◆ **WHAT TO DO**: Give back the records below exactly, omitting the pictures.

◆ **DATA TO USE**:
┄┄┄┄┄┄┄┄┄┄

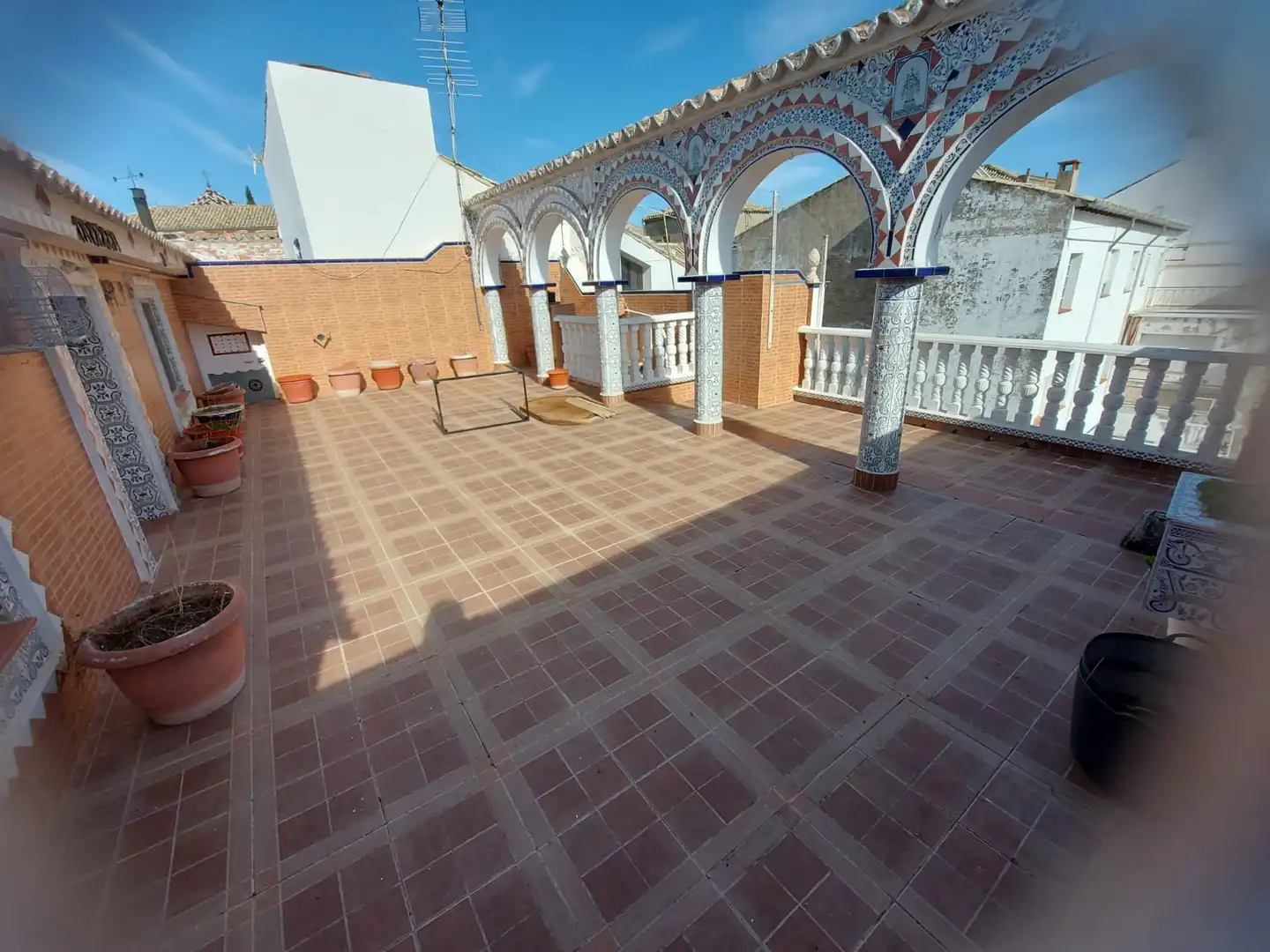 Terraza de Casa o chalet en venta en Úbeda con Trastero, Balcón y Internet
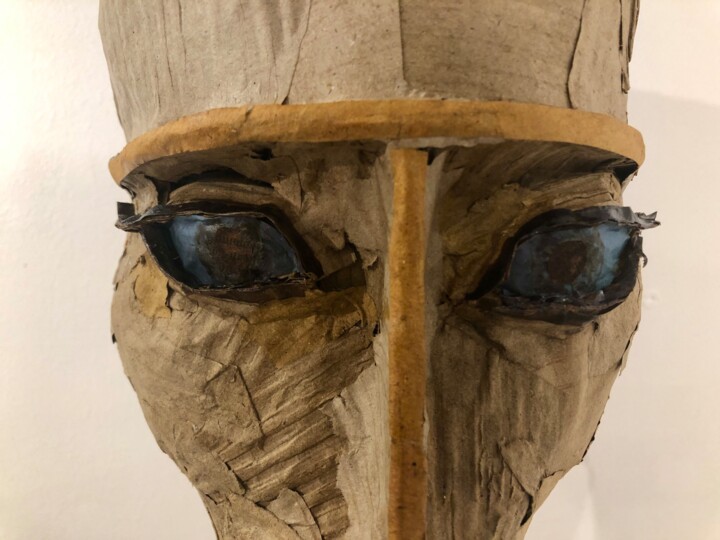 Temps et lieux incertains 10 - Artcapital 2025 Grand Palais 雕塑, 24.4x7.1 in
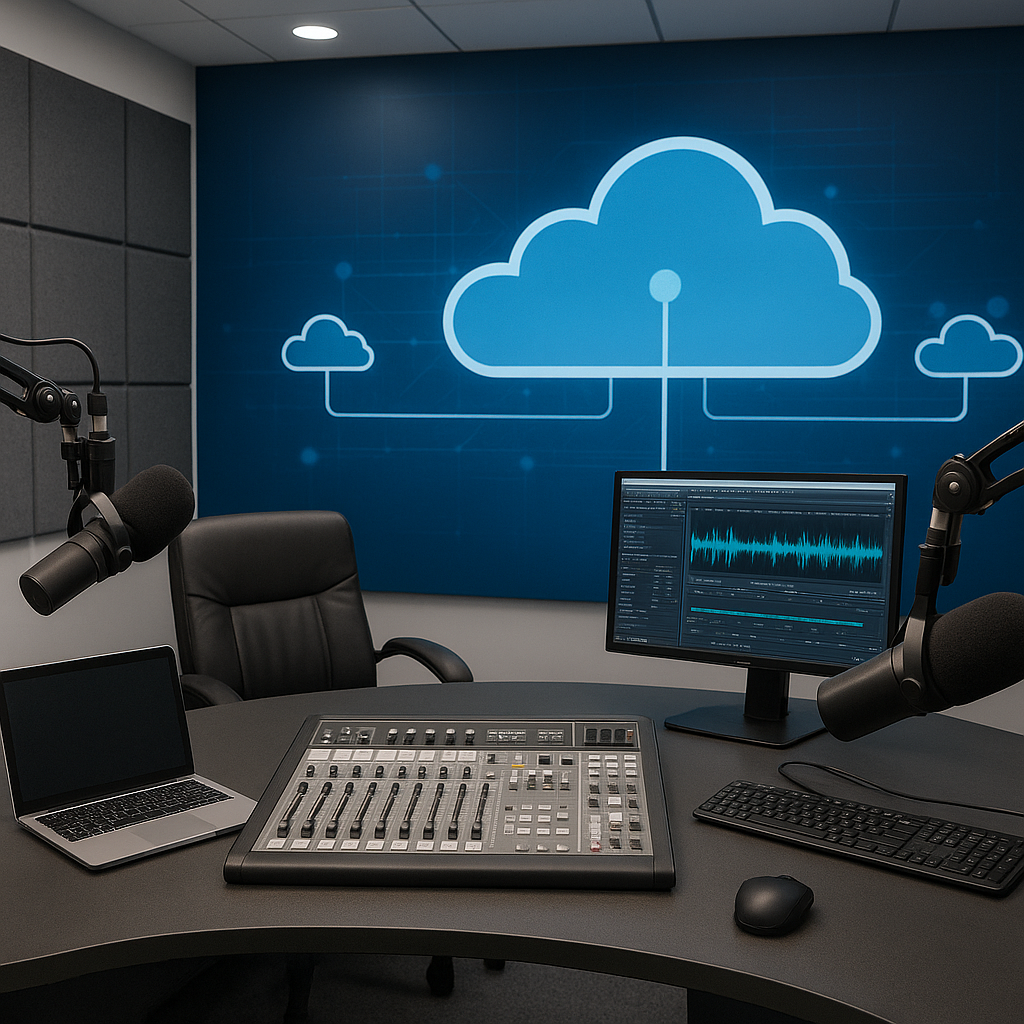 Pilvipalvelin vai perinteinen hosting: Ratkaisut Radio Valon tarpeisiin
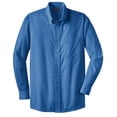 thumbnail image 5 of Red HouseÂ® - Dobby Non-Iron Button-Down Shirt. RH60, 5 of 6
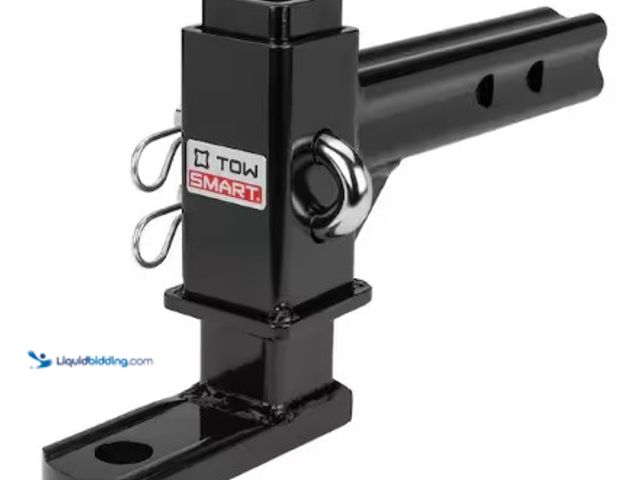 Lot 49-3615701 - TowSmart Class 4 - 7,500lbs. 7-1/2" Drop to 6-1/4" Rise, Adjustable X-Mount Trailer Hitch Ball Mount...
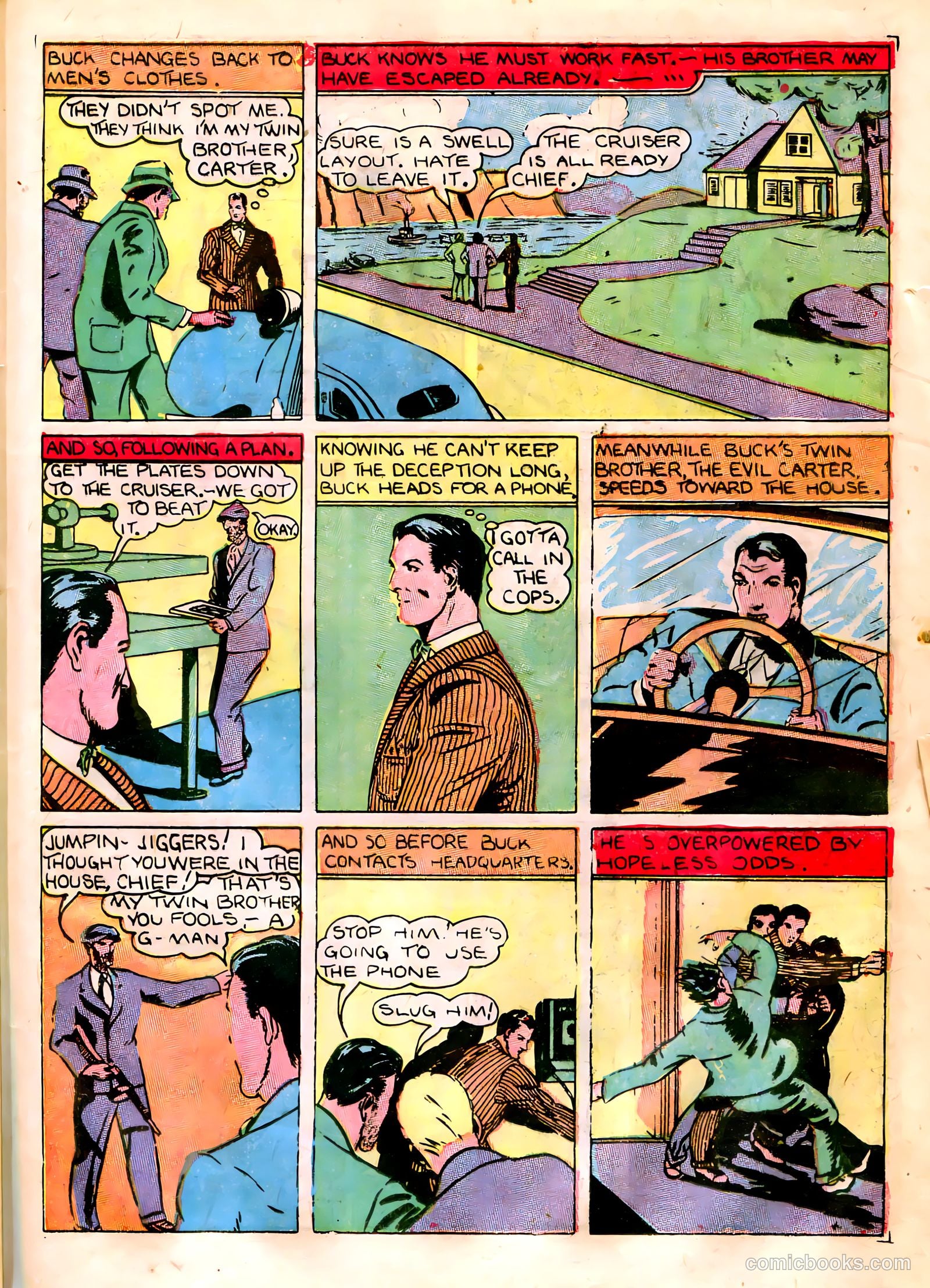 Prize Comics #1 (1940) — page 54 of 65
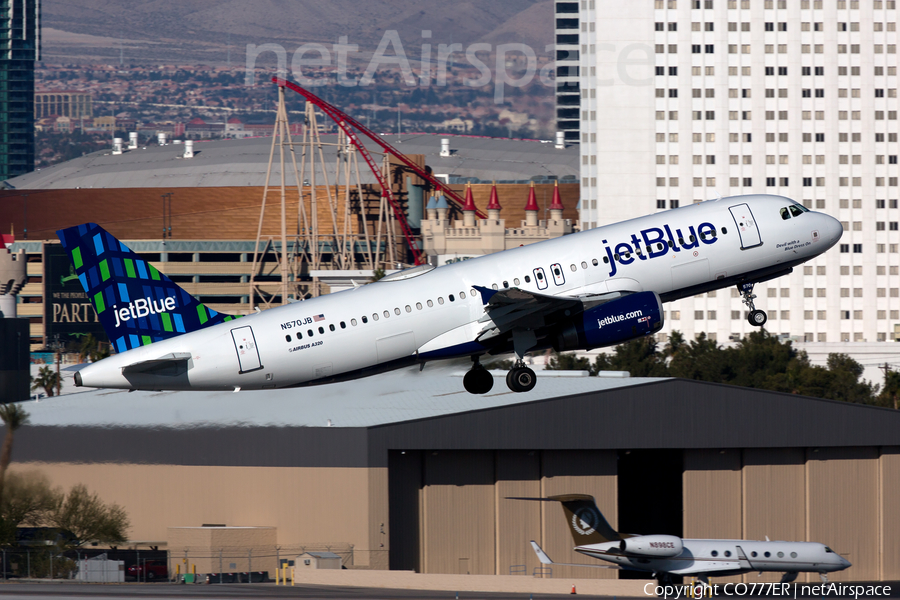 JetBlue Airways Airbus A320-232 (N570JB) | Photo 208858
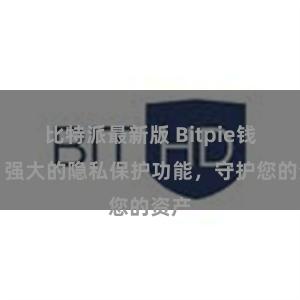 比特派最新版 Bitpie钱包：强大的隐私保护功能，守护您的资产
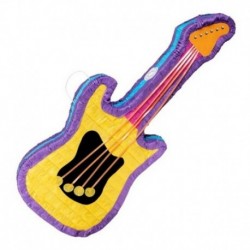 Pignatta Chitarra Rock 80x30 cm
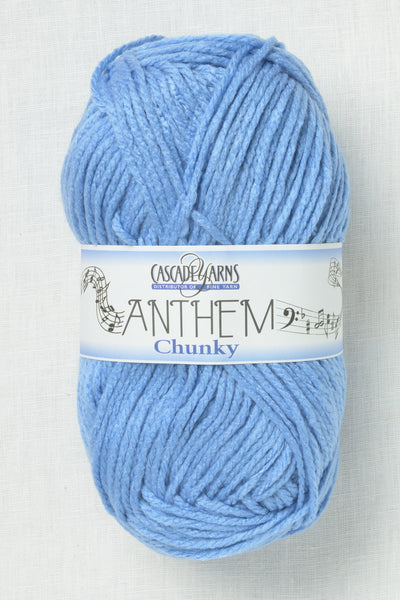 Cascade Anthem Chunky 26 Vista Blue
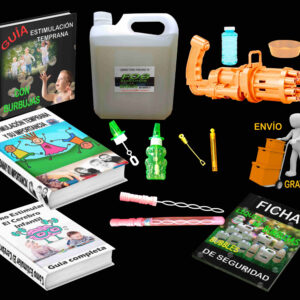 KIT BUBBLEPLAY MINI ROCKET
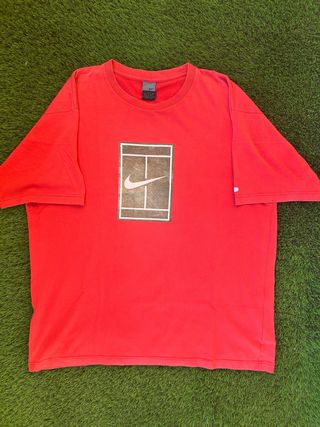 Camiseta Nike Vintage Tenis Roja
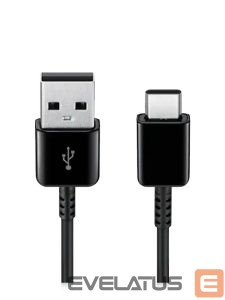 Cable Samsung  EP-DW700CBE Universal USB 2.0 to Type-C 3.1 Qualcom Data & Charging Cable 1.5m Black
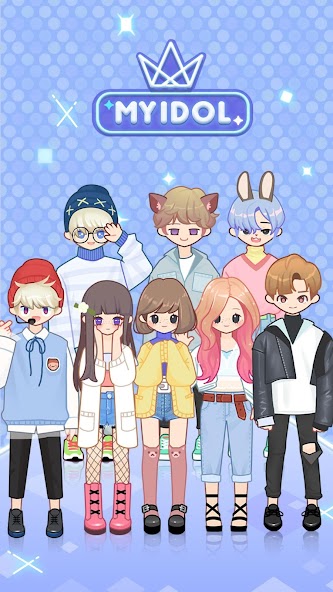 MYIDOL (#Dress up #BoyGroup #k 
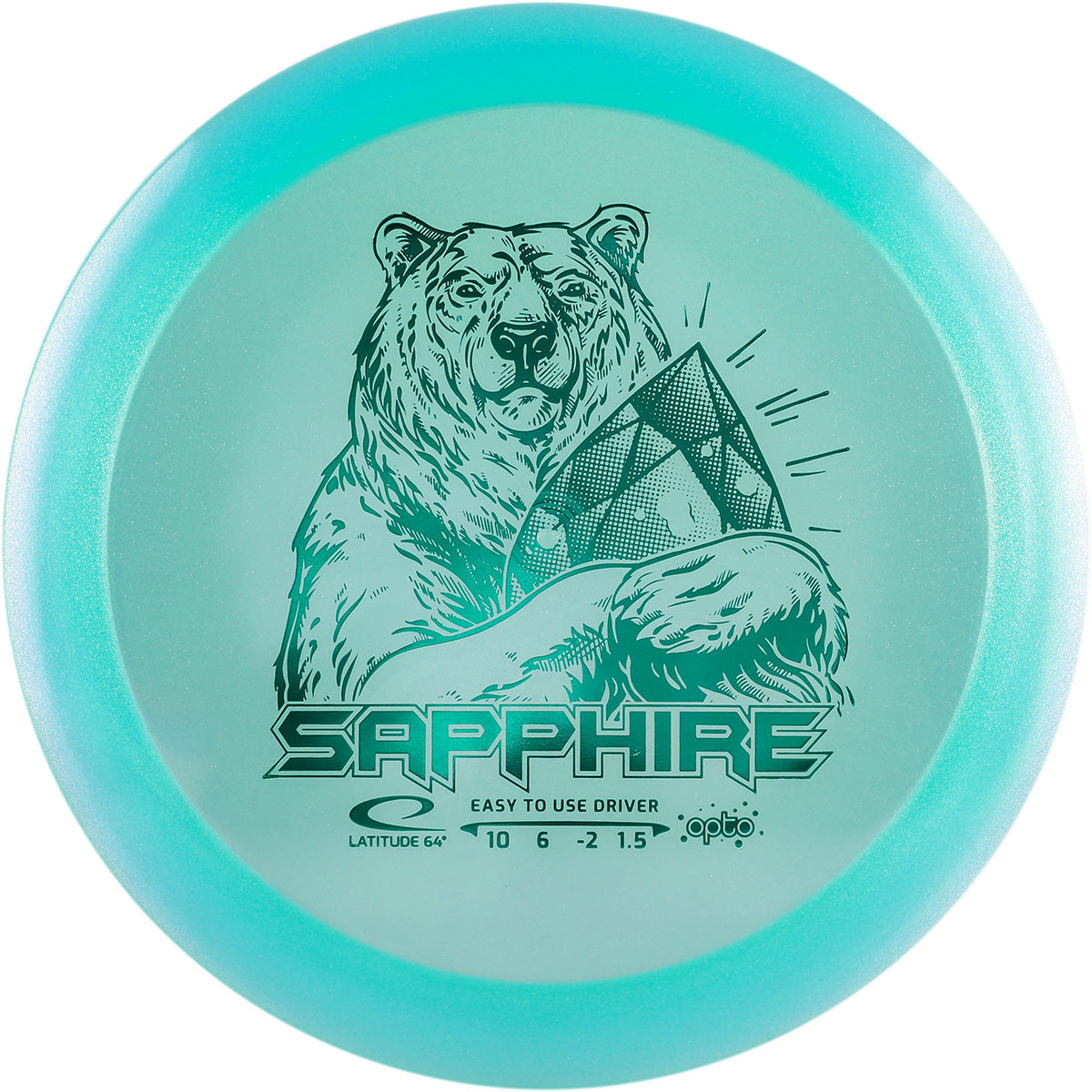 Opto Glimmer Sapphire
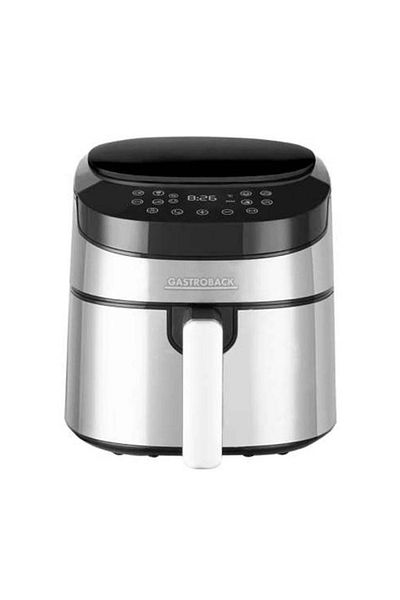 GASTROBACK - Design Air Pro Airfryer - Silver - 3.7 L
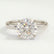 LULU - Round Lab Diamond 950 Platinum Solitaire Ring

┄┄┄┄┄┄┄┄┄┄

◆ **YOUR SOLUTION**:
 Terraza de Casa o chalet en venta en Úbeda con Trastero, Balcón y Internet
 Temps et lieux incertains 10 - Artcapital 2025 Grand Palais 雕塑, 24.4x7.1 in
 Pilvipalvelin vai perinteinen hosting: Ratkaisut Radio Valon tarpeisiin
 thumbnail image 5 of Red HouseÂ® - Dobby Non-Iron Button-Down Shirt. RH60, 5 of 6
 Lot 49-3615701 - TowSmart Class 4 - 7,500lbs. 7-1/2" Drop to 6-1/4" Rise, Adjustable X-Mount Trailer Hitch Ball Mount...
 Prize Comics #1 (1940) — page 54 of 65
 JetBlue Airways Airbus A320-232 (N570JB) | Photo 208858
 比特派最新版 Bitpie钱包：强大的隐私保护功能，守护您的资产
 Pignatta Chitarra Rock 80x30 cm
 Cascade Anthem Chunky 26 Vista Blue
 KIT BUBBLEPLAY MINI ROCKET
 Camiseta Nike Vintage Tenis Roja
 Cable Samsung  EP-DW700CBE Universal USB 2.0 to Type-C 3.1 Qualcom Data & Charging Cable 1.5m Black
 MYIDOL (#Dress up #BoyGroup #k 
 Opto Glimmer Sapphire
 GASTROBACK - Design Air Pro Airfryer - Silver - 3.7 L
 LULU - Round Lab Diamond 950 Platinum Solitaire Ring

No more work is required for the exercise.